Activists who have been pressing for the move said the $30
billion soft drink,
snack food and restaurant conglomerate is the biggest company
to withdraw
from the troubled Southeast Asian country.
"This sends an important signal to companies currently doing
business in
Burma that this is not the time to invest in Burma,'' said
David M. Schilling, an
executive with the Interfaith Center on Corporate
Responsibility, an association
of 275 religious communities and pension funds.
Protests last year came from Pepsi's big target market --
high school and
college students -- and cost the company business. Harvard
University turned
down Pepsi for a $1 million contract and Stanford decided not
to allow a Taco
Bell, a PepsiCo restaurant, on campus after 2,000 students
petitioned the
university to sever ties with companies doing business in
Burma.
PepsiCo had announced last May that it was selling its 40
percent stake in a
soft drink bottling venture in Burma because of a combination
of business
reasons and in response to public sentiment toward the
regime.
But PepsiCo continued supplying the syrup used to make its
soft drink brands
to the venture under terms of its franchise agreement.
Keith Hughes, a spokesman for PepsiCo in Purchase, N.Y., said
Monday that
the company had severed all relationships with the bottler on
Jan. 15 and is no
longer shipping syrup to it.
He said PepsiCo has been assured the bottler will "take steps
to make sure all
production and distribution of our products in Burma are
ceased by May 31.''
It had formed the venture called Pepsi-Cola Products Myanmar
Ltd. in 1991
Burmese businessman U Thein Tun.
PepsiCo based its decision to sever all ties to the bottler
"based on our
assessment of the spirit of U.S. government foreign policy
toward Burma,''
Hughes said.
Hughes declined comment on the size of the Burmese bottler,
but industry
sources familiar with the business said it had sales of $3.2
million in 1995 and
accounted for about 80 percent of all soft drink sales in the
country.
Companies that have already left Burma include Eddie Bauer,
Levi Strauss
amd Liz Claiborne, according to Schilling.

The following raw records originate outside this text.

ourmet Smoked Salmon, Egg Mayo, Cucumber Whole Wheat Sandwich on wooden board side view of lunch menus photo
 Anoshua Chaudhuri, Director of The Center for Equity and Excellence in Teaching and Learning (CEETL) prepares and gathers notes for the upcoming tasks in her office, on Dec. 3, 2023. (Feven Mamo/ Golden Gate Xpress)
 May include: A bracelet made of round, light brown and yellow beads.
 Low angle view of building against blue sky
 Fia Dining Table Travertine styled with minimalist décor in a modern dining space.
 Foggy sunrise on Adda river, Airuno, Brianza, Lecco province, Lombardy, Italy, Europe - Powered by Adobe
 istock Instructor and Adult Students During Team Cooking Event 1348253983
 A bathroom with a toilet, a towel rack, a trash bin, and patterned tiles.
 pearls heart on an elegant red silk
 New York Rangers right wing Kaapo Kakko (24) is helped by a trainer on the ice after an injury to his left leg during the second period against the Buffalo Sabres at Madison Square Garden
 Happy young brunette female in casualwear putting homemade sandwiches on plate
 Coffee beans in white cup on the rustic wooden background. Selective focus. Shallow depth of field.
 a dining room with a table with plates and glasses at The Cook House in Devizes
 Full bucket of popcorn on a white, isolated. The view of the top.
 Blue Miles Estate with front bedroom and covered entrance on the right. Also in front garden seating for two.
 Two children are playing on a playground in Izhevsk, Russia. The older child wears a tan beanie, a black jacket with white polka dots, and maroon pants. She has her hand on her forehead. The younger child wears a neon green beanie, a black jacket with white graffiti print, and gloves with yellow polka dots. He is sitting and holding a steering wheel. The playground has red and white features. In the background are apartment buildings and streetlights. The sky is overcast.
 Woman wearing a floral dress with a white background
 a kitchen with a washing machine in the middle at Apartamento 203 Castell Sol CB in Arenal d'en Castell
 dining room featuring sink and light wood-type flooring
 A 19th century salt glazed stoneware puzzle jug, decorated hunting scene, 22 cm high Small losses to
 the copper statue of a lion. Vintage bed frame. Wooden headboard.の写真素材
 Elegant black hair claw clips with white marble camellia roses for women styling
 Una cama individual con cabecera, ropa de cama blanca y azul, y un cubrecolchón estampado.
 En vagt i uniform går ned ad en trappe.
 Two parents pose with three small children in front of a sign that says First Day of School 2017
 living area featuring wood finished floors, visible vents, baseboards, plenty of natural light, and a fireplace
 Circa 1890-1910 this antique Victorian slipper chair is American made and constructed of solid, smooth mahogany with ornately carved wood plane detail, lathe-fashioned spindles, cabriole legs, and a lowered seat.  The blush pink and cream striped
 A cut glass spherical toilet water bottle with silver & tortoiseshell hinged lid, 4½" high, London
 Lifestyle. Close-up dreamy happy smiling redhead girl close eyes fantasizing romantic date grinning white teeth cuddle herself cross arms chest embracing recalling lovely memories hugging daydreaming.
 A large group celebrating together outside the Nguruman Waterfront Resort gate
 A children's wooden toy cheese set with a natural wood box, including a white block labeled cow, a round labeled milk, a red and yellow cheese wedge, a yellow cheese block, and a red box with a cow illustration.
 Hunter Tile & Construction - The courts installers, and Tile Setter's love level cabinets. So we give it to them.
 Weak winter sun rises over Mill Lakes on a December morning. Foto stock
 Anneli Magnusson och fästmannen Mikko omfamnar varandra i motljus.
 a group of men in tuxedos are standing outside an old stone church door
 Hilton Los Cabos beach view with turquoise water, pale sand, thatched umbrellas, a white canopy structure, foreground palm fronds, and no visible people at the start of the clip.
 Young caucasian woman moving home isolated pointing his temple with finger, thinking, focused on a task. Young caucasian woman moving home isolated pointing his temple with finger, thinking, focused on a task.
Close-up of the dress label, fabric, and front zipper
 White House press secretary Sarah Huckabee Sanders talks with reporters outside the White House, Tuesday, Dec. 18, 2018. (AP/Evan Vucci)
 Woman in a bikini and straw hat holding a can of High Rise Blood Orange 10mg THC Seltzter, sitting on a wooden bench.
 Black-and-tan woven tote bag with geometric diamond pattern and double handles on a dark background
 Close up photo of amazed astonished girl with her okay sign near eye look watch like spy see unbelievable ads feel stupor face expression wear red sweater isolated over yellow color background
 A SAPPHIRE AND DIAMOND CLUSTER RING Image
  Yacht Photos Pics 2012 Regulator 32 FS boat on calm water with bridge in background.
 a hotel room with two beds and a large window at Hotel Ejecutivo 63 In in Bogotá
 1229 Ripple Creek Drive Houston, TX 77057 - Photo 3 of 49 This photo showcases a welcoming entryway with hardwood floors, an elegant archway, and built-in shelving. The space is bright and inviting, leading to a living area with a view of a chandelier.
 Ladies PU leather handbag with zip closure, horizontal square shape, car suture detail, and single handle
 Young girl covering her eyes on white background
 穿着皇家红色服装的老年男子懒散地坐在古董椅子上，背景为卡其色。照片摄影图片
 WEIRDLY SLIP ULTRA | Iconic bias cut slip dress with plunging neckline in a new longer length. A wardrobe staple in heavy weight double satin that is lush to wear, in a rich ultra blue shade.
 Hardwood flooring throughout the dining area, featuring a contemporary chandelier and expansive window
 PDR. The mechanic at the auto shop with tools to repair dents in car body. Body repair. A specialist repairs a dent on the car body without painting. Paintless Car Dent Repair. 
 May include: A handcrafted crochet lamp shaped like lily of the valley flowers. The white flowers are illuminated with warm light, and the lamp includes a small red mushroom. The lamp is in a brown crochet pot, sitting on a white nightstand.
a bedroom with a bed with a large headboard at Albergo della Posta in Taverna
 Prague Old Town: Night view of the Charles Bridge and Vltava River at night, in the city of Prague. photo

He said recent efforts have turned to oil companies with
interests in Burma
including Texaco, Unocal, Atlantic Richfield and France's
Total.
The Rev. Joseph La Mar, another critic of the Burmese
government and an
executive with the Maryknoll Fathers and Brothers, said it is
important to get
foreign companies to end operations in Burma because their
involvement gives
the rulers much needed hard currency.
He said PepsiCo's withdrawal is especially important because
the company is
known all over the world.
[FOXNews, 27 January 1997].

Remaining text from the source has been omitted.